Now, I've suggested this before, but what about allowing
users to define meanings for presently unassigned operator
symbols that have predefined precedences? There aren't
many if we stick to ASCII, but there are some. The two
character operator */ has no meaning in Fortran, could be
given the same precendence as *, and could be defined
with the meaning "cross product". Similarly, /* could be
given a meaning. Etc. Now, instead of these combinations,
I'd prefer to allow latin-1 characters.
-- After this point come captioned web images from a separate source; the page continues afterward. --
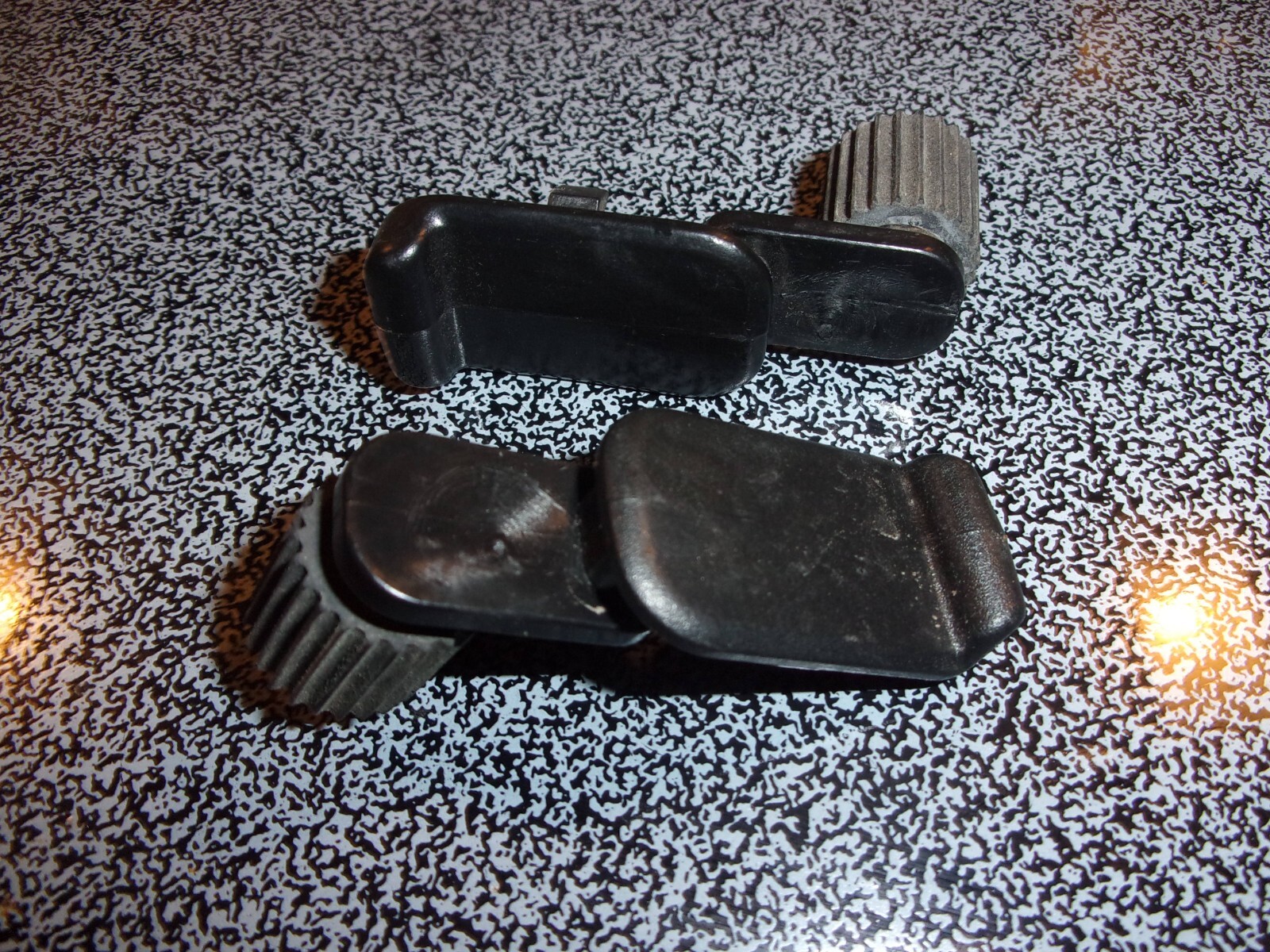 HONDA CRV GLOVE BOX DOOR DASH CLIP FASTENER HOOK STOPPER RETAINER ARM PAIR OEM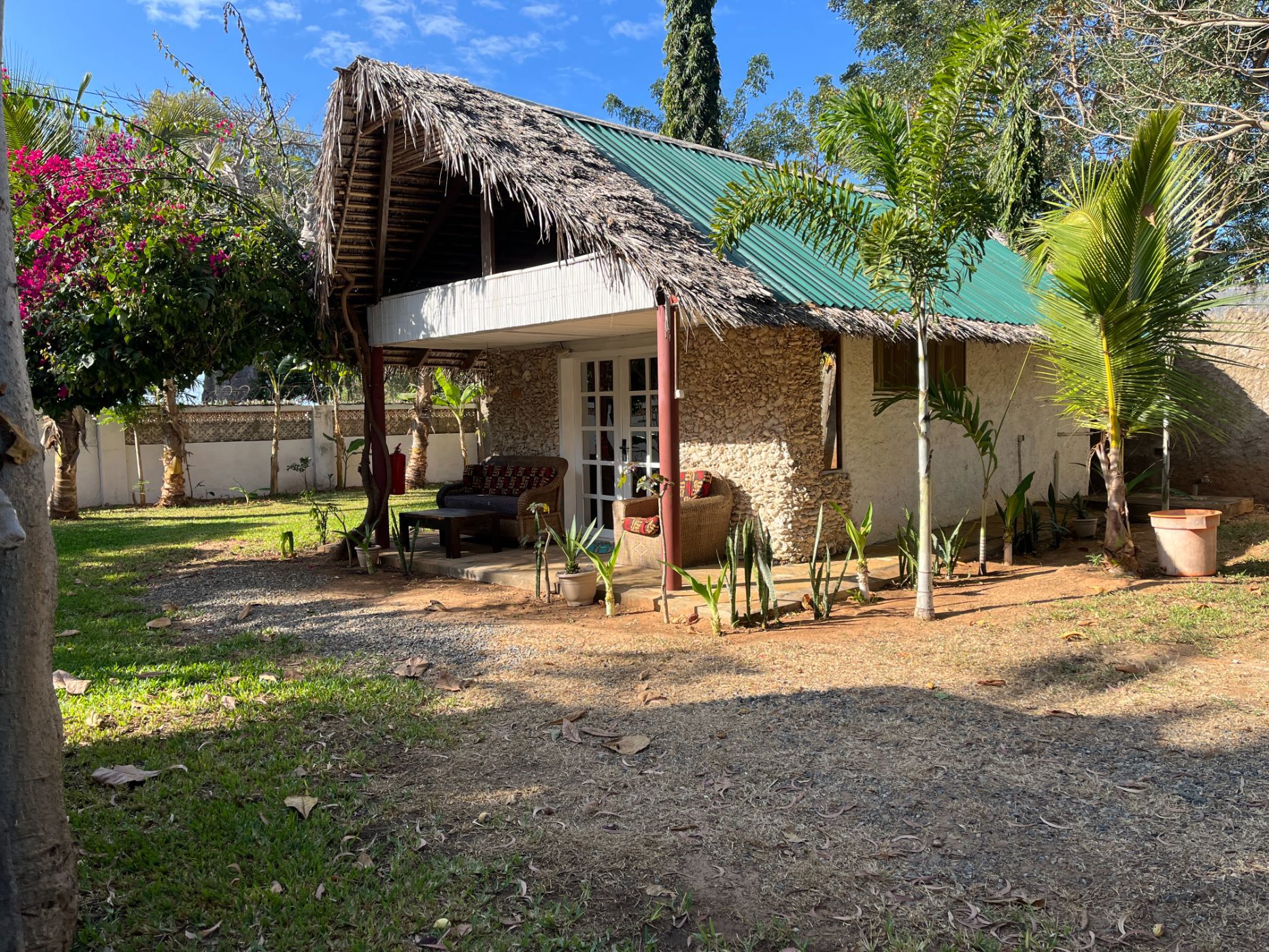 Guesthouse to rent in Pemba, Cabo Delgado, Mozambique - 3MQ1674825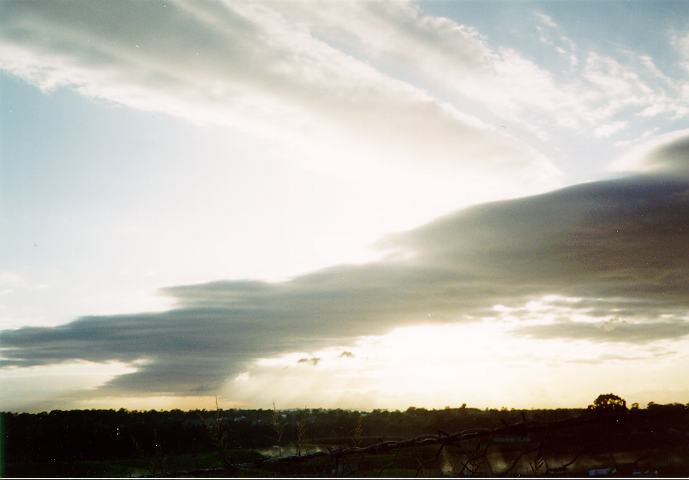 altocumulus altocumulus_cloud : Schofields, NSW   31 January 1995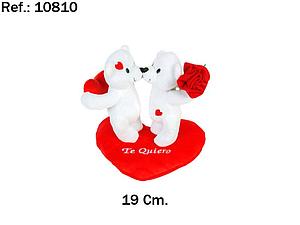 PAREJA OSITOS FLOR Y CORAZON 19CM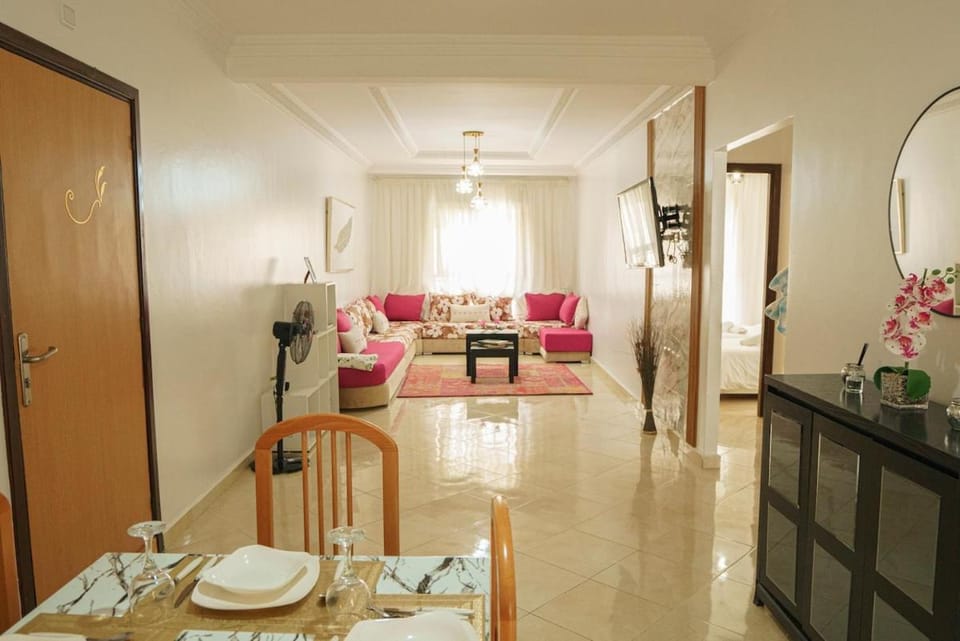 Modern Apartment, Well Located Apartment in Tangier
That has such symbols
as centered dot (?), cross product (?), conventional divide (?),
and a few others whose precedence could be defined by the
language and whose meaning could be defined by the user.

J. Giles

"I conclude that there are two ways of constructing a software
design: One way is to make it so simple that there are obviously
no deficiencies and the other way is to make it so complicated
that there are no obvious deficiencies." -- C. A. R. Hoare

From: Gordon Sande on
On 2006-03-15 20:12:53 -0400, "James Giles" <jamesgiles(a)> said:

> Walt Brainerd wrote:
>> James Giles wrote:
> ...
>>> You are using *all* those operators and assignments
>>> in each local context? You must have some very busy
>>> code.
>> The particular example is using a module that defines
>> a big integer data type.
>> I have a hard time imagining many lines of code that
>> do integer arithmetic that don't use add, subtract,
>> multiply, divide, sqrt, assignment, compare (there's
>> six right there) operations, but maybe your imagination
>> is better than mine.
> Well, I guess so. Most uses of big-integers are for an
> expression or two, maybe a few lines even, to accomplish
> things beyond the ability of the intrinsic INTEGER (or
> even REAL) type(s). This small amount of code may
> actually use only, say, add, divide, and assignment (to
> compute the average of a large array of integers without
> the risk of overflow, and without losing precision like
> you would if you use REAL intermediates).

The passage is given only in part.